The current deal runs through 2020, and on the same fiscal trajectory in terms of players' salaries and broadcast rights, let's follow along.

In 2010, the league split $3 billion among the 32 teams, and because of labor negotiations there was no salary cap. For comparison sake, we'll average the 2009 total of $123 million and the 2011 total of $120 million and set that total at $121.5 million.

In 2015, the league is splitting $7.2 billion among the 32 teams and the base salary cap is at $143.28 million.

The distribution numbers have increased 140 percent for the teams, and the total coin for the players has increased roughly 18 percent.

On that same trajectory, the salary cap would be pegged around $170 million (although it likely would be closer to $200 million), and on the same growth path, TV money would be around $17 billion or more than half a billion dollars per team. Yes, the timing of TV renegotiations plays a big part of that trajectory. Most of the league's TV contracts run through the 2022 season, but at least one comes up much sooner, and how the NFL decides to work its deal with DirectTV could make or break that company.

Sweet Buckets of Green Backs, the NFL is an ATM, and Goodell deserves credit for that.

And he deserves blame for the debacle that has become the handling of discplinary issues.

Goodell's weakness has been an indecisiveness and apparent weakness when dealing with high-profile off-the-field matters.

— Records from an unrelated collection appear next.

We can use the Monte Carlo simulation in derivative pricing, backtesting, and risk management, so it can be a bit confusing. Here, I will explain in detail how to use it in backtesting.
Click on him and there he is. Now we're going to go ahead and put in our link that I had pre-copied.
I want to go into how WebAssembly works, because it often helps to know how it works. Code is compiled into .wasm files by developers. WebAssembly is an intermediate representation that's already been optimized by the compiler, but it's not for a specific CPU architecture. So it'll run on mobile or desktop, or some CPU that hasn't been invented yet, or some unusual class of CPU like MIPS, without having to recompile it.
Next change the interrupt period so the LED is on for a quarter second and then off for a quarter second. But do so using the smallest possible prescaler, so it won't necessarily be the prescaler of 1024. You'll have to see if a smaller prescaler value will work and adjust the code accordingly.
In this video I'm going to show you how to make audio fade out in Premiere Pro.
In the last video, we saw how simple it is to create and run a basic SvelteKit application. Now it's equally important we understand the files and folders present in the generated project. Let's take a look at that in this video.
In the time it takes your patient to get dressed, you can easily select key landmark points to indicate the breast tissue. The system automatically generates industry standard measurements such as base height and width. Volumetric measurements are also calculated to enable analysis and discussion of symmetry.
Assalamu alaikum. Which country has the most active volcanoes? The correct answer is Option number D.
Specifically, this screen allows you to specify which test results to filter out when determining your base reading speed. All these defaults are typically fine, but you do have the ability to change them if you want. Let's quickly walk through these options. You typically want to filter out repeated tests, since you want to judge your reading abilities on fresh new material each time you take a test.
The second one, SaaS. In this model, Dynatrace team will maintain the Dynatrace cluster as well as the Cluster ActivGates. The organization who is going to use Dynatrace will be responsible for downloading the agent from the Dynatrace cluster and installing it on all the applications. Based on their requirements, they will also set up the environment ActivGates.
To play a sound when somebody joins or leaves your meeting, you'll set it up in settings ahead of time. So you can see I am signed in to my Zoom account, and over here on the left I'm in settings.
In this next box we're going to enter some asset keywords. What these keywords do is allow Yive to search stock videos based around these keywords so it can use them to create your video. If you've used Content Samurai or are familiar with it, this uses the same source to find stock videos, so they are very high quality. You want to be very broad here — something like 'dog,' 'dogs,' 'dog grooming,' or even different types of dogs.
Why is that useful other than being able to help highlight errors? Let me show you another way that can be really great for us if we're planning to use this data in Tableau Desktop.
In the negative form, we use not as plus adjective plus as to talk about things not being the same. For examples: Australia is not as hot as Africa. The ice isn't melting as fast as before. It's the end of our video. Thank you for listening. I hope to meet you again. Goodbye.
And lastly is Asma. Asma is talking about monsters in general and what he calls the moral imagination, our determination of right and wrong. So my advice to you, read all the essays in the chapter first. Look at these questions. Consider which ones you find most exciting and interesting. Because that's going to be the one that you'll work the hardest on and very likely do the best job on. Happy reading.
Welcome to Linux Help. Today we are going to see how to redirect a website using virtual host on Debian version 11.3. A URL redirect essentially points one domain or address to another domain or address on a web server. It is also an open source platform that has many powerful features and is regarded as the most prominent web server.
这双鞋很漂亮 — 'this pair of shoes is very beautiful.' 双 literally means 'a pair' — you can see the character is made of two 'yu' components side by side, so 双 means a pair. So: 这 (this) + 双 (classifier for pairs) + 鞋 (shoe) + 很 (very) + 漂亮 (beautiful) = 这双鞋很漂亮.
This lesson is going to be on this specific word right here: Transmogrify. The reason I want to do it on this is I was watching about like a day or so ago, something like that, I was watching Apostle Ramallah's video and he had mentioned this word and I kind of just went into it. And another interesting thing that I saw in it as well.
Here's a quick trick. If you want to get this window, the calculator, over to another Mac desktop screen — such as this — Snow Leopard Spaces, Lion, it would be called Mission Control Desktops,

Be it the serious social issue such as domestic violence with players Ray Rice or Adrian Peterson or the potentially integrity-damaging DefelateGate, it seems every incident gets made worse after the fact.

Take Goodell's foot-dragging with the DeflateGate ruling on Tom Brady. Brady was suspended for four games for his alleged role in the much ballyhooed affair in which the Patriots had under-inflated footballs. The options are not universally appealing for Goodell, but the longer it drags the more the longer the spotlight shines.

Here's what Goodell has in front of him for DeflateGate:

Option one: Keep the suspension at four games, which would appease some high-powered owners who according to reports want to make the Patriots pay a price for this. It would mean Brady would sue the league in federal court, which no one in this scenario wants. And in the court of public appeal, how well would Brady's four-game suspension play since it would be the same as what Greg Hardy officially got for his domestic violence troubles?

Option two: Drop it down to two games and negotiate with Brady not to sue. That will anger some of the owners who believe Goodell and Patriots owner Bob Kraft spend a little too much time together. It also may not be enough for the players' association, which has said it wants Brady to be exonerated. Plus the union would love a chance to sue in court and test the legal definition and limits of Goodell being the giver of punishment and then the appeal court on whether his first decision was just.

Option three: Drop it to bagel, and let the entire world bellyache from on high about Goodell's relationship with New England. Goodell couldn't care less about what the public thinks, but the owners are swirling and this option could very well cost Roger his job.

And the fact that a guy who has more than doubled the league's TV revenue in five years could be in trouble seems surreal.